====== Material supplied

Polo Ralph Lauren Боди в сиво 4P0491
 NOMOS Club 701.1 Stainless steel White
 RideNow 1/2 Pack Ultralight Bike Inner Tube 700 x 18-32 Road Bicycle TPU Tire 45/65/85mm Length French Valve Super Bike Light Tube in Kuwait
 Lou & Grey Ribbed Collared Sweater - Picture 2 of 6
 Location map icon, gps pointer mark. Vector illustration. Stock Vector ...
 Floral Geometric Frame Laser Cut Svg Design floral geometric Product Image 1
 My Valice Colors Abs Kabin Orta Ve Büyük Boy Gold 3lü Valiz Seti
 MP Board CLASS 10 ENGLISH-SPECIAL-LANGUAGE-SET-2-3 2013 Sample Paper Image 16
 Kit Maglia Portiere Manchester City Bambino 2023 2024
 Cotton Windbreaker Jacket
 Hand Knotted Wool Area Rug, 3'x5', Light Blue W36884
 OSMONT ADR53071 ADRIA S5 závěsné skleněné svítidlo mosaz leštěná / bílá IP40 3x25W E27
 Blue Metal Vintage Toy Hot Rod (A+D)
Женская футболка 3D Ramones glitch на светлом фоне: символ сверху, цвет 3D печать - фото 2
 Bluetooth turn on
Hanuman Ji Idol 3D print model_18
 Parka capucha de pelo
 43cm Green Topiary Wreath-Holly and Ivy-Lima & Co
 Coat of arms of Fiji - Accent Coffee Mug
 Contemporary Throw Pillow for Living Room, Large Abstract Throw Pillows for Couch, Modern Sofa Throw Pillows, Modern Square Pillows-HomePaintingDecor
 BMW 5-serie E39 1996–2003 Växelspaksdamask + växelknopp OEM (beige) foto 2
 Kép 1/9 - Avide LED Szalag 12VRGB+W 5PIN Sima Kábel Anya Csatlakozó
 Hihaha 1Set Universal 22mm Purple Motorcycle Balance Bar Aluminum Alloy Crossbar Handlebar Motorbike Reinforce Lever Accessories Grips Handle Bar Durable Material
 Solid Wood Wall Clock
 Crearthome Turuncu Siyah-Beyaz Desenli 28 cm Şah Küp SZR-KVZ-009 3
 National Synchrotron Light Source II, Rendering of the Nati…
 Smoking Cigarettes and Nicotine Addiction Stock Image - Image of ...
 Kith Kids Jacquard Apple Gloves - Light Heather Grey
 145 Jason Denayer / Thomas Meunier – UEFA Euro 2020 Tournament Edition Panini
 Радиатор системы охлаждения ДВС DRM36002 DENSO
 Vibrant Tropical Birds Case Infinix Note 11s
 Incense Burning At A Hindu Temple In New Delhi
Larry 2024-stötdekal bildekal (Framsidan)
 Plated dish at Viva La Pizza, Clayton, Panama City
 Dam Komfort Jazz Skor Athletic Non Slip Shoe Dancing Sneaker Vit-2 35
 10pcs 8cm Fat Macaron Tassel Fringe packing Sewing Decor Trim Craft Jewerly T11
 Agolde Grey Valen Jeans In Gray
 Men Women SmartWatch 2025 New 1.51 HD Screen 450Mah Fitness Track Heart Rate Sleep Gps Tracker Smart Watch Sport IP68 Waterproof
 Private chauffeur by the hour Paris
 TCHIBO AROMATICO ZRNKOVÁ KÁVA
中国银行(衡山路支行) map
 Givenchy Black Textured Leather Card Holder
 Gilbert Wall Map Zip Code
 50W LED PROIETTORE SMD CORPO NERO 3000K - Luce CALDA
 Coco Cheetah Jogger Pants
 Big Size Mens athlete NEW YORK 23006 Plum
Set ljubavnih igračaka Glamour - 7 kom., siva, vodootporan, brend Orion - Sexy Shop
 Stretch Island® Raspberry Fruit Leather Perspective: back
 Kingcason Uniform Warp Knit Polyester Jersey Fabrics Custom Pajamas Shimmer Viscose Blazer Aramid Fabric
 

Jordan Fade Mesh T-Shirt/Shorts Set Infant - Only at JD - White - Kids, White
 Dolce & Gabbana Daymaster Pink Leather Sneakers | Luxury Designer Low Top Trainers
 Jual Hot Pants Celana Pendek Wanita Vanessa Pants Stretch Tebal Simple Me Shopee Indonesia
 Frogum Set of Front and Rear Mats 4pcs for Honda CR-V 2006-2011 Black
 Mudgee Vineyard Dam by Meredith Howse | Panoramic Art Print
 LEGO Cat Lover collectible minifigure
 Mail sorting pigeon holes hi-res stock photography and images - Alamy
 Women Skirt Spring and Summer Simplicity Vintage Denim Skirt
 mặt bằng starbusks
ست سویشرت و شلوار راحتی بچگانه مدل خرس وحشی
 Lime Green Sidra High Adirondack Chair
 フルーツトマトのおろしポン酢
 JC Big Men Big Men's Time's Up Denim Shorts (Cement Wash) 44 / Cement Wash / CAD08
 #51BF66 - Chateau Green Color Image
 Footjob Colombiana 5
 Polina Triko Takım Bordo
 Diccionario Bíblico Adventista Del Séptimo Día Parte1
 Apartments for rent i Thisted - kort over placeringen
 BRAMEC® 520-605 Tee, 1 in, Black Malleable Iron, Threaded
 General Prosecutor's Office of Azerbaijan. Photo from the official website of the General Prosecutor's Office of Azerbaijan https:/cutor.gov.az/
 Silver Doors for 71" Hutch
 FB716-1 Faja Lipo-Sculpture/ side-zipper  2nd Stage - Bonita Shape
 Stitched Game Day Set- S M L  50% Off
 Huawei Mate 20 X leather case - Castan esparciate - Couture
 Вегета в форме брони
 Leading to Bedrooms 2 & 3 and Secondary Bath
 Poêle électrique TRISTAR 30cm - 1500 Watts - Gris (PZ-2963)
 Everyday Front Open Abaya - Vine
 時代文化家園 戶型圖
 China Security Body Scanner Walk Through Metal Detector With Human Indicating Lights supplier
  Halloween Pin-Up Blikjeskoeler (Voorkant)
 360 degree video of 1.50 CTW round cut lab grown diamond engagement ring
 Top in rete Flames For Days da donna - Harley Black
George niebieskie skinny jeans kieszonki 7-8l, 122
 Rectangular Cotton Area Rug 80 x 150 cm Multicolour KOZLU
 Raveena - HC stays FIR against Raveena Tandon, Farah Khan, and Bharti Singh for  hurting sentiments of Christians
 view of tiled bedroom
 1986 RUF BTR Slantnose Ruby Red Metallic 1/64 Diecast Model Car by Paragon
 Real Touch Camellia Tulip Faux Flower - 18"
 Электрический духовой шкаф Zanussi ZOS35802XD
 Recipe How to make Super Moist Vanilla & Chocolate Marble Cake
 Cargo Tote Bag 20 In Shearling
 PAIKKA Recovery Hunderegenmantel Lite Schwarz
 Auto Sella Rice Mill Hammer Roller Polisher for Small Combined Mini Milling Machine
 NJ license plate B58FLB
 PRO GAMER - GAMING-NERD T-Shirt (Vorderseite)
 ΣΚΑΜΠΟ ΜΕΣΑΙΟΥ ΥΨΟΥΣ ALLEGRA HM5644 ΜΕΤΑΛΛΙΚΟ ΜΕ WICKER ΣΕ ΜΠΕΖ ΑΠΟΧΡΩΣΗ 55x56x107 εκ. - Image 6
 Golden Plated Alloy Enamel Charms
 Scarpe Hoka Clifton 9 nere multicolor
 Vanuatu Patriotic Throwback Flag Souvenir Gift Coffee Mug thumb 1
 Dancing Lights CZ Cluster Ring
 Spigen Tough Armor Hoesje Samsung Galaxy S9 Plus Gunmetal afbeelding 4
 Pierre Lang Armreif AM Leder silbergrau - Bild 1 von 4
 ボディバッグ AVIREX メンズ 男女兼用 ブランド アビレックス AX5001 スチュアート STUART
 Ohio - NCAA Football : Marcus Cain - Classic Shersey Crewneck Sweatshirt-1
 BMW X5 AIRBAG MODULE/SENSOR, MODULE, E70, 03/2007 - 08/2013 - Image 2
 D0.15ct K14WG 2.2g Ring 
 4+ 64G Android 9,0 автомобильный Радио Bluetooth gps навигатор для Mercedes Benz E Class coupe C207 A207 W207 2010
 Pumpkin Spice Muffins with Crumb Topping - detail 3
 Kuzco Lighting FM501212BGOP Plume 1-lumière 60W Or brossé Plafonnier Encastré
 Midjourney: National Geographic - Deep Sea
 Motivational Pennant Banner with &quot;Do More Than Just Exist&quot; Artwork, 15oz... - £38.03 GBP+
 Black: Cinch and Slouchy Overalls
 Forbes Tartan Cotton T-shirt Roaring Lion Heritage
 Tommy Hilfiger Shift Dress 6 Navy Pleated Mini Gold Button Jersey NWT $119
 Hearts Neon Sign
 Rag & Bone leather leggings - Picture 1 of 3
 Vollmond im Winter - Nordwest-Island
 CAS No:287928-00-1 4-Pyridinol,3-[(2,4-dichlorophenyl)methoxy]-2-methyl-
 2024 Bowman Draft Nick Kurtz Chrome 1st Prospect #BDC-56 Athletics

============

§ **Work instruction**
Using the data above, copy each line that contains "Picture".

§ **Exercise answer**
 Lou & Grey Ribbed Collared Sweater - Picture 2 of 6
 Rag & Bone leather leggings - Picture 1 of 3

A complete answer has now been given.